The Moscow-based Skolkovo management school has for the second year in a row presented a rating on the Russian companies’ foreign engagement.
It is the Russian petroleum and metallurgy companies which are the most active in the international markets, with respectively 44 percent and 36 percent of the acquisitions. The three companies Lukoil, Gazprom and Norilsk Nickel alone accounted for 57 percent of last year’s deals.
At the same time, however, the dominance of petroleum companies in the internationalization process of the top 25 Russian companies is clearly decreasing: in 2004, they accounted for as much as 63 percent of aggregate foreign assets compared to 44 percent in 2007.
Most of the investment from Russia is being made by private companies: only four out of the Top 25 companies, accounting for about 30% of the aggregate foreign assets, are majority-owned by the state (Gazprom, Sovkomflot, InterRAO and Alrosa). While the foreign assets of Russia’s global players is still concentrated in Europe (52%), the move toward North America, Africa, Australia and South Pacific Asia is becoming more significant, the study confirms.
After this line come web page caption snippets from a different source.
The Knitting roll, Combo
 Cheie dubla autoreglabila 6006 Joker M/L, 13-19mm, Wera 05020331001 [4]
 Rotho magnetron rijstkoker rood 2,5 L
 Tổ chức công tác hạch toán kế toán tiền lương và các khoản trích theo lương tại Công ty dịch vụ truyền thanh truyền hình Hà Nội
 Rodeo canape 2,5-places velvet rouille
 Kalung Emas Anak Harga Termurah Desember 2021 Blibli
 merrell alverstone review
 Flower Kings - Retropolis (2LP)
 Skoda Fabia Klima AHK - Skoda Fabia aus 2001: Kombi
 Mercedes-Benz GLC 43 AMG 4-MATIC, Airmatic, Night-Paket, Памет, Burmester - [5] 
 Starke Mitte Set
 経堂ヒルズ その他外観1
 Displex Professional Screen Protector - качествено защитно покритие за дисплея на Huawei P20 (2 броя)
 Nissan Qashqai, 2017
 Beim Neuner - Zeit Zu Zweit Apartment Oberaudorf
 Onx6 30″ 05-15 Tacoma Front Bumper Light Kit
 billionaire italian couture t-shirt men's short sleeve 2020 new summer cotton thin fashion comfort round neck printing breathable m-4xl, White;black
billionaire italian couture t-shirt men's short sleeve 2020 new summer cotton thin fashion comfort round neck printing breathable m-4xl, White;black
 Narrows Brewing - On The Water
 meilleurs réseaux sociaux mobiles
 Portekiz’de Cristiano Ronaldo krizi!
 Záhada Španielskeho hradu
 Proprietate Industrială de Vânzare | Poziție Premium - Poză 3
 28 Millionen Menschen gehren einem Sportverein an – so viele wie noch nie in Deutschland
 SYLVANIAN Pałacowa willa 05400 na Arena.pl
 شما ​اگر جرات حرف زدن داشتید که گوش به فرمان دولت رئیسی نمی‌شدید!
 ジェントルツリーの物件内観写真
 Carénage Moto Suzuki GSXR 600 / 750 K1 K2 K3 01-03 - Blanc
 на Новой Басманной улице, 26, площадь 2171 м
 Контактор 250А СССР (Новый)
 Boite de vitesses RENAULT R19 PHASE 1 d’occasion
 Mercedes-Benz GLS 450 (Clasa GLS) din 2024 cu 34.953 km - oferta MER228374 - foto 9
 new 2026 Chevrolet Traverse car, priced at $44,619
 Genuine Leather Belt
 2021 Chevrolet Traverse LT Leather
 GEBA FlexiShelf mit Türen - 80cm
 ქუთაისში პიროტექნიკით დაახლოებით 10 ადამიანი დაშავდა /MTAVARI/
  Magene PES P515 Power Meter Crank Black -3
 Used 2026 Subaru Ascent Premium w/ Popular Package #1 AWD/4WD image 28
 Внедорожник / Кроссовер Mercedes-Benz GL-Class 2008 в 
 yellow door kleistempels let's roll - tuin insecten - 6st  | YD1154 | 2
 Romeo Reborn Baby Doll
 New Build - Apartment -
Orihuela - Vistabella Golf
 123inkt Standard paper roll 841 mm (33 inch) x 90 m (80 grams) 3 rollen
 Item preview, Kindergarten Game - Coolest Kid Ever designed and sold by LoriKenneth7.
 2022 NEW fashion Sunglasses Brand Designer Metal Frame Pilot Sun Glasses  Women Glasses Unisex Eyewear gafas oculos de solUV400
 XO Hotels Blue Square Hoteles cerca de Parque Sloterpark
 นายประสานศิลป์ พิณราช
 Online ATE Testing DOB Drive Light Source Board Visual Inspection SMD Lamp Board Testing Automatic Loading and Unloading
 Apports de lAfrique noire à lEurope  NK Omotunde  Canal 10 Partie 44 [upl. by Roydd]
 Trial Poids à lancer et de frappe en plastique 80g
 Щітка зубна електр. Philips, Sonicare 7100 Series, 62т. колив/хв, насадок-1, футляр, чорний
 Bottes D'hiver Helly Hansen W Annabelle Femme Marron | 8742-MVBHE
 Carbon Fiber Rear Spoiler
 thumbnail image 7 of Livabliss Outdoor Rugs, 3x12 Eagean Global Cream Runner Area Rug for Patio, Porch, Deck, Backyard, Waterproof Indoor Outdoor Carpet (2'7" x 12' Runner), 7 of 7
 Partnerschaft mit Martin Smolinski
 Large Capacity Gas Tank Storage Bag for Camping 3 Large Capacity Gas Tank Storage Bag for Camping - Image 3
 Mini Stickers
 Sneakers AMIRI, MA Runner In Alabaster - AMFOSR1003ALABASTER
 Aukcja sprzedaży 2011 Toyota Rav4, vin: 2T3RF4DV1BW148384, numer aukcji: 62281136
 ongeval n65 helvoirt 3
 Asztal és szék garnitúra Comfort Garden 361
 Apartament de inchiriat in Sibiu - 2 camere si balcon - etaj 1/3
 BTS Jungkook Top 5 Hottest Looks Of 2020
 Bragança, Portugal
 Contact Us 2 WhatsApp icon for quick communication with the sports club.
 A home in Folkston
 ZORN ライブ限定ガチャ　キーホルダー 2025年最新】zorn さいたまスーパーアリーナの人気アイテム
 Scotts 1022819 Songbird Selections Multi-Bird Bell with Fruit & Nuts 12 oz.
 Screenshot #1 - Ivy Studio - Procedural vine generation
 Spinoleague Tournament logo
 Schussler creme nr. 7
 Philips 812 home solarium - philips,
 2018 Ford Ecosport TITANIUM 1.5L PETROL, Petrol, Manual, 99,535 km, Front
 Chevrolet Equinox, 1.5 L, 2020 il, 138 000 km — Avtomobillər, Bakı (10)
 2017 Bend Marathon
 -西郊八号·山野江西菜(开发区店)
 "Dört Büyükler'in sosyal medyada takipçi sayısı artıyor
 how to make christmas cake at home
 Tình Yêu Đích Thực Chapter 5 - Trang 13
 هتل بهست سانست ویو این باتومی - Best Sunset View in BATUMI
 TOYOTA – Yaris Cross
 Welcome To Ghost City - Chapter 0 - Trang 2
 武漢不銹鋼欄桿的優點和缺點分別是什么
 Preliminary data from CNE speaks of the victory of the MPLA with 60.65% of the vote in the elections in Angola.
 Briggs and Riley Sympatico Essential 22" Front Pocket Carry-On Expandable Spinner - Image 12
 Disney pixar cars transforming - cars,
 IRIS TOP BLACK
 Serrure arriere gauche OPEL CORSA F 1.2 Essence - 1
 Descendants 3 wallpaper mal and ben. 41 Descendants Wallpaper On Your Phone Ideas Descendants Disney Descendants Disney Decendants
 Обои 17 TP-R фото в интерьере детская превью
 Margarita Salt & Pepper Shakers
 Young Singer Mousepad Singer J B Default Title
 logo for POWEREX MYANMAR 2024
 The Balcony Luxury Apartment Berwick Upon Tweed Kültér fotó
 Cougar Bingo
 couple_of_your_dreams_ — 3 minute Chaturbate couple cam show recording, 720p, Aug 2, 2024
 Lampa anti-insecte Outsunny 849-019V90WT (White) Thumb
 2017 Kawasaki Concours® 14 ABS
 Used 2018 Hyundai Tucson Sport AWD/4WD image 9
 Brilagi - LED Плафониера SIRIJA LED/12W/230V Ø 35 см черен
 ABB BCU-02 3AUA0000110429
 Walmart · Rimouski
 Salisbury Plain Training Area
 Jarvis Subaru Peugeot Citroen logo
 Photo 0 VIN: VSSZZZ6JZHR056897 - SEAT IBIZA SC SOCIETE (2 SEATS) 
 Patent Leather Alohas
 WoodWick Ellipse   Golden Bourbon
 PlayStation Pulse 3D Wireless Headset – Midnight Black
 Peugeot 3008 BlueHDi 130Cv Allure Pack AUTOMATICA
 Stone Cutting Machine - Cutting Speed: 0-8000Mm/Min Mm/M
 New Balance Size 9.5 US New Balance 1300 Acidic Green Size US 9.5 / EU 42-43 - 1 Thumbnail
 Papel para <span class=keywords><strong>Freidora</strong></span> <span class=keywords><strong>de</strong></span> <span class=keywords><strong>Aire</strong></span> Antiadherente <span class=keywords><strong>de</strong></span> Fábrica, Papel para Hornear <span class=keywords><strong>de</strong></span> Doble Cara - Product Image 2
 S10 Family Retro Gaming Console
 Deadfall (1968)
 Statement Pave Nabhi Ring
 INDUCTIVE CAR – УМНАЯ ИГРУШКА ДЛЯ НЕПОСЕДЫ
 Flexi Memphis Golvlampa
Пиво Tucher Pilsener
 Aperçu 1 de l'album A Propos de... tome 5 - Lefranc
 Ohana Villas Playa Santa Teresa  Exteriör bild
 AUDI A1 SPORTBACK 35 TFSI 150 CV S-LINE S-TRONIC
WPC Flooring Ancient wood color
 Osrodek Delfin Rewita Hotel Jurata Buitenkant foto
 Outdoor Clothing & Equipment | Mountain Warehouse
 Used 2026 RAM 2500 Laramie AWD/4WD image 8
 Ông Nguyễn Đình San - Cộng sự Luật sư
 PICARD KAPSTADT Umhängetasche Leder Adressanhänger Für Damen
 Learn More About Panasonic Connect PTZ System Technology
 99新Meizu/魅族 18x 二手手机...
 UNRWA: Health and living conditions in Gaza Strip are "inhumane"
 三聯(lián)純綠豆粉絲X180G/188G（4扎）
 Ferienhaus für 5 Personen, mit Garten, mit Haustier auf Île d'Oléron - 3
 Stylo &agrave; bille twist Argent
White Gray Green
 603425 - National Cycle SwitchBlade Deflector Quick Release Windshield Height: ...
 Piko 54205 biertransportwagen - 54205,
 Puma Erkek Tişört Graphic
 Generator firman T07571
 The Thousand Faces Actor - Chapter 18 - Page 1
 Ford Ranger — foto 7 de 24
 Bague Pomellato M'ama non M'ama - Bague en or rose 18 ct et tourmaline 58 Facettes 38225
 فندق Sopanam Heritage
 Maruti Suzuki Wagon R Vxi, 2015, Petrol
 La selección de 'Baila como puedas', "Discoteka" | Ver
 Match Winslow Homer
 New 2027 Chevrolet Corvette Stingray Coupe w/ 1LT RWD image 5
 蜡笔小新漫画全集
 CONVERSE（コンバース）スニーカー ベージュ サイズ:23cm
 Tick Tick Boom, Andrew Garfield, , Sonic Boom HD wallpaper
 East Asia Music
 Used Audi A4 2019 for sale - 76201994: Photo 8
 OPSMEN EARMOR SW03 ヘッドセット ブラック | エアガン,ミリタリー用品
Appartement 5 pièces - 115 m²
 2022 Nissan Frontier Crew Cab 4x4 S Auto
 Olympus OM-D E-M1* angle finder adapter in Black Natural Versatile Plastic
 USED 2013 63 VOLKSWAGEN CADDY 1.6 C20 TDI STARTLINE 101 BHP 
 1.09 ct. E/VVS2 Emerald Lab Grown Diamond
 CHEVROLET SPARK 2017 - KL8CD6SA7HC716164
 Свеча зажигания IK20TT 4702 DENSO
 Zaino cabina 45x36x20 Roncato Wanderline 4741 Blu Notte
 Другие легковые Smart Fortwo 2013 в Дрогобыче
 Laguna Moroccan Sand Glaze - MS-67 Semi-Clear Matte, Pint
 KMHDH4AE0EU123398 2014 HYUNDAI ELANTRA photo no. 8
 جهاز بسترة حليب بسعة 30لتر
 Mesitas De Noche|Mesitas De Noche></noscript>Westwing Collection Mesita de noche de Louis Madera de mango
The growths in foreign acquisitions increased also in the first half of 2008. Foreign assets worth 12 billion USD were then placed on Russian hands.
After the breakout of the financial crisis, however, the Russian investments abroad have dried up. Only over the last couple of months, several major planned acquisitions have been cancelled, newspaper Vedomosti writes.
At the same, time the Skolkovo study shows that several of the big Russian companies, among them Lukoil and Gazprom, still push for expansion several places in the world.